|Version 30 (modified by MikolajKonarski, 2 years ago)|
The analysis of the semantics of +RTS -s
Here is a sample output of +RTS -s, annotated with a discussion of new events required to simulate it in ThreadScope? (for a user-selected time interval). A list of the new required events is in the second part of this page. Here is a screenshot of what we can already do using the current set of events. It so happens we can do as much for the whole runtime as for the selected time intervals with the currently available events, but in general, intervals require more kinds of events and more samples. Similarly, when we visualize some of this as graphs and especially graphs of rates of change of some values (e.g., memory usage), more frequent sampling will be required.
The first line of +RTS -s follows.
237,179,528 bytes allocated in the heap
We'd need an extra event, emitted at each GC, with the allocation since the previous GC. (We really don't want an event for every memory allocation, that would be impractical and very slow.)
52,785,584 bytes copied during GC
An event with a summary of all copying done, emitted after the end of each GC.
17,272,336 bytes maximum residency (5 sample(s))
A separate event for that, perhaps emitted only after major GC when we know how much memory is really used by the program. The docs explain the "n samples" above saying "only checked during major garbage collections".
6,493,328 bytes maximum slop
We also need an extra event for slop, probably emitted rarely.
45 MB total memory in use
The peak "total memory in use" to date is stored in the peak_mblocks_allocated global var. It changes often, but we can't spam too much, so let's emit it only after each GC, and not the peak value to date, but the current value.

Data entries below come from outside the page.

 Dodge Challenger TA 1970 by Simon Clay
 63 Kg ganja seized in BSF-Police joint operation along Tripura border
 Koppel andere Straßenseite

(0 MB lost due to fragmentation)
Fragmentation is calculated in the RTS -s code as follows:
(peak_mblocks_allocated * BLOCKS_PER_MBLOCK * BLOCK_SIZE_W - hw_alloc_blocks * BLOCK_SIZE_W) / (1024 * 1024 / sizeof(W_))
Note that it uses the peak and high-water values and we instead want the current values. It's calculated as the difference of mblock and block allocations, so we need an extra events for allocated block (mblocks are already recorded in "total memory in use" above).

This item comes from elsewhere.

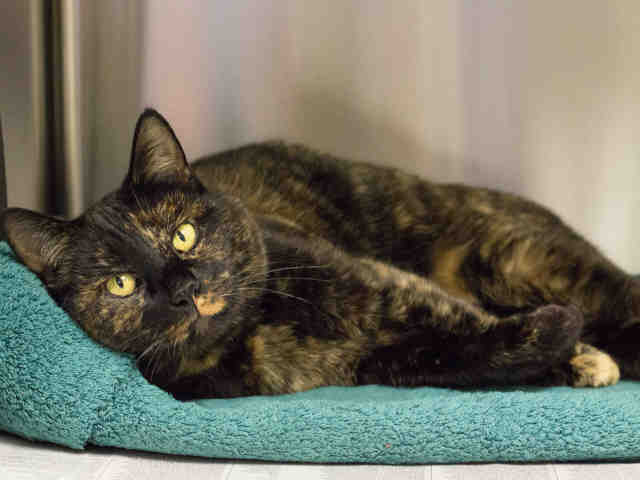 CLEO (A368972)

Tot time (elapsed) Avg pause Max pause Gen 0 448 colls, 0 par 0.04s 0.04s 0.0001s 0.0016s Gen 1 5 colls, 0 par 0.07s 0.07s 0.0149s 0.0386s
The current GC events (in particular RequestParGC) seem to be enough to distinguish between seq and par GC. We'd need to split the current GC events into generations, though, to report for every generation separately. We may and up with two tables for the same GC info: one aggregated by cap, another by generations. Or, as long as there are only 2 generations, one table with both caps and generations, with the following rows: cap0&gen0, cap0&gen1, cap1&gen0, etc. Note that we don't want to report the CPU time, only the elapsed time, and that's fine.
Parallel GC work balance: 1.00 (6391526 / 6375794, ideal 2)

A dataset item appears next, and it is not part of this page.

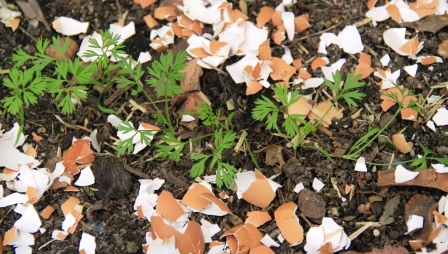Using Eggshells In The Garden Leaf Root Fruit Gardening Services
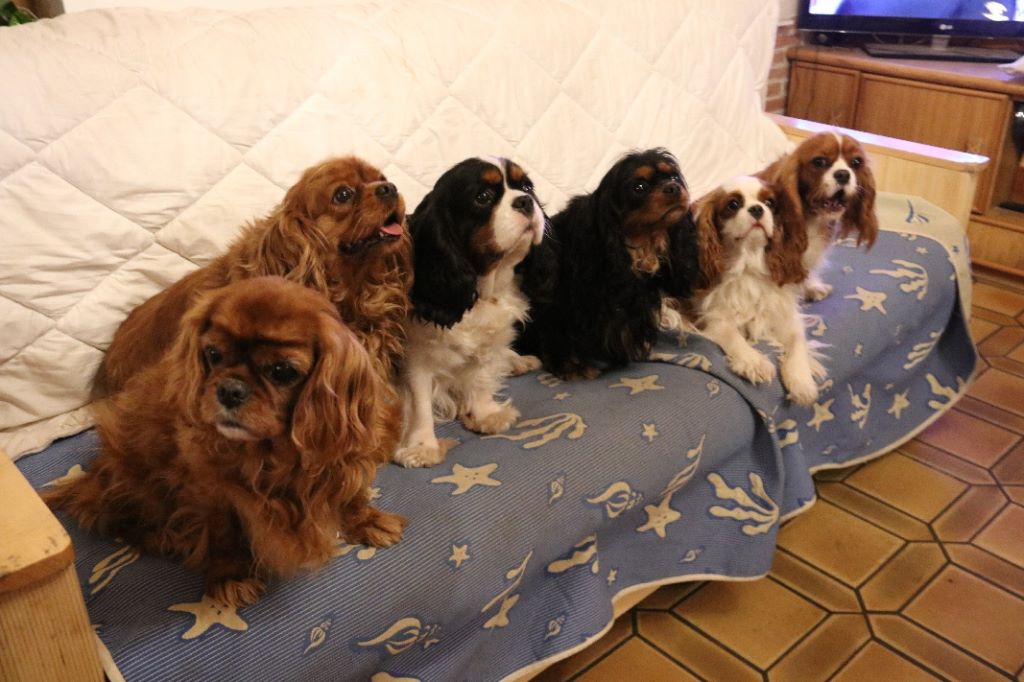 des cavaliers de cecvan - Les Cecvan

Let's ignore that one for now. JaffaCake? says we probably don't care about work balance and that he thinks it is computed in the simplest way. Detail are in http://community.haskell.org/~simonmar/papers/parallel-gc.pdf. The current computation seems to be the following: total words copied during parallel GCs divided by the average over all parallel GCs of maximal number of words copied by any thread in a single par GC. Events needed: the events added above probably suffice, but quite a bit of extra state will have to be maintained when reading the events due to the rather complex formula for work balance.
MUT time (elapsed) GC time (elapsed) Task 0 (worker) : 0.04s ( 0.38s) 0.13s ( 0.17s) Task 1 (worker) : 0.00s ( 0.55s) 0.00s ( 0.00s) Task 2 (bound) : 0.41s ( 0.41s) 0.13s ( 0.13s) Task 3 (worker) : 0.00s ( 0.55s) 0.00s ( 0.00s)
JaffaCake? says the task information has questionable usefulness, so let's ignore that one for now. It's much more natural for us to present the same info per cap, not per OS thread (which the tasks basically are). Actually we do present the GC info per cap (not only total, as in +RTS -s) already and the total activity time per cap (which includes the mutator time) is much better conveyed by the graphs in ThreadScope?.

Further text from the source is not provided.